The group process traditional Hindustani elements through the forms of pop and garage.

Photo: Victoria Carr | Words: James Kilkenny

Karma Sheen’s debut self-titled album is a phenomenal modern iteration of the drone – pulling traditional approaches into the present – alongside psych sounds of King Gizzard, Anatolian Psych, and fellow Londoners GNOB. Rather than the mind-warping effects these aforementioned psych groups induce, however, Karma Sheen generate a far more mind-settling potency, in which all sense of time and space slowly subsides. Throughout album’s focused yet flexible sonic menu, this dronal elemental force comes from the incantatory vocals, entrancing sitar, and lysergic haze of the guitar.
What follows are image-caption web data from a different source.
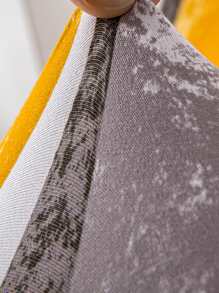 Geometric Print Stretchy Chair Slipcover - Multicolor - View 3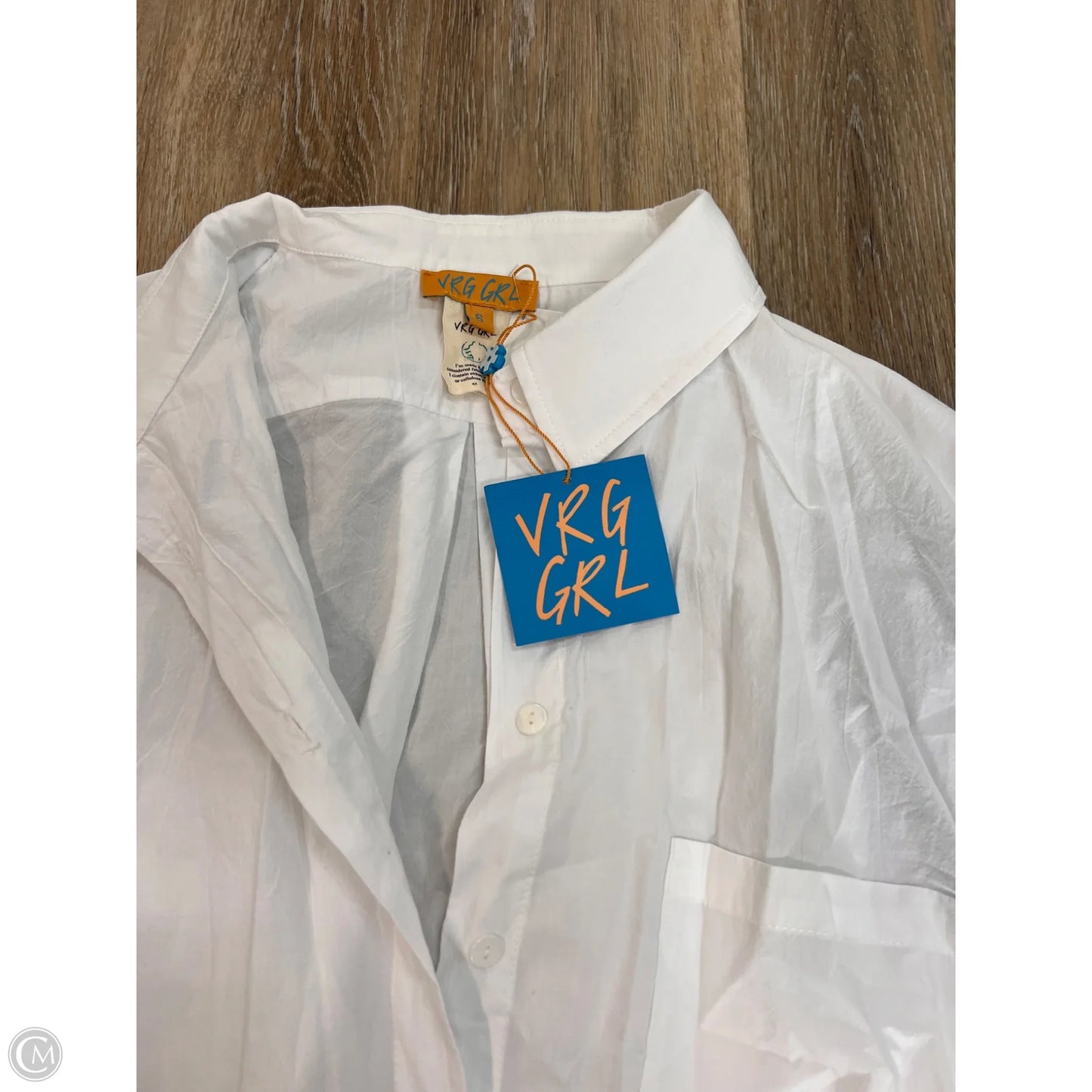 Blouse Long Sleeve By VRG Girl In White, Size: 6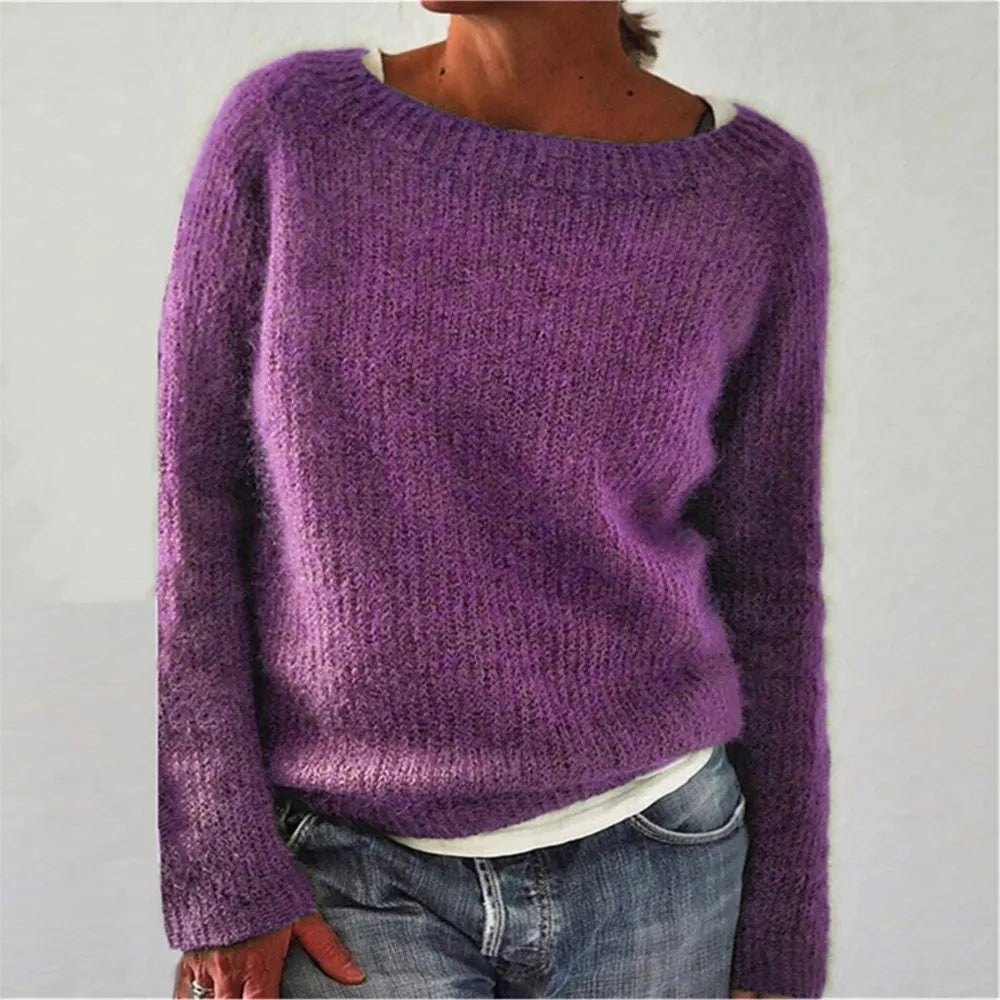 Genevra Boat Neck Sweater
Besides the instrumental jous the sitar decorates Karma Sheen in, it’s source – sitarist Rod Bourganos – was the catalyst to the band’s formation, after fortuitously meeting frontman and vocalist/guitarist Sammer Khan.

The Western experimentalism of the East London band diffuses in the combination of drone and melody brought by the sitar. Like the band’s proposition, the sitar constitutes a perfect blend of modernity and tradition. Although parts embark upon evocative, Ravi Shankar-style ragas, there are also subtler stylistic wisps hinting at Bourganos’ varied sitar study in Brazil and Singapore. This sitar-based detour and calibre is most keenly felt on ‘Mian Ki Jive,’ where intuitive, quicksilver notes mirror the vocal melody like a trippy shadow: the sitar, as you’ve never heard it before, only equalled by the sensational guitar solo that follows.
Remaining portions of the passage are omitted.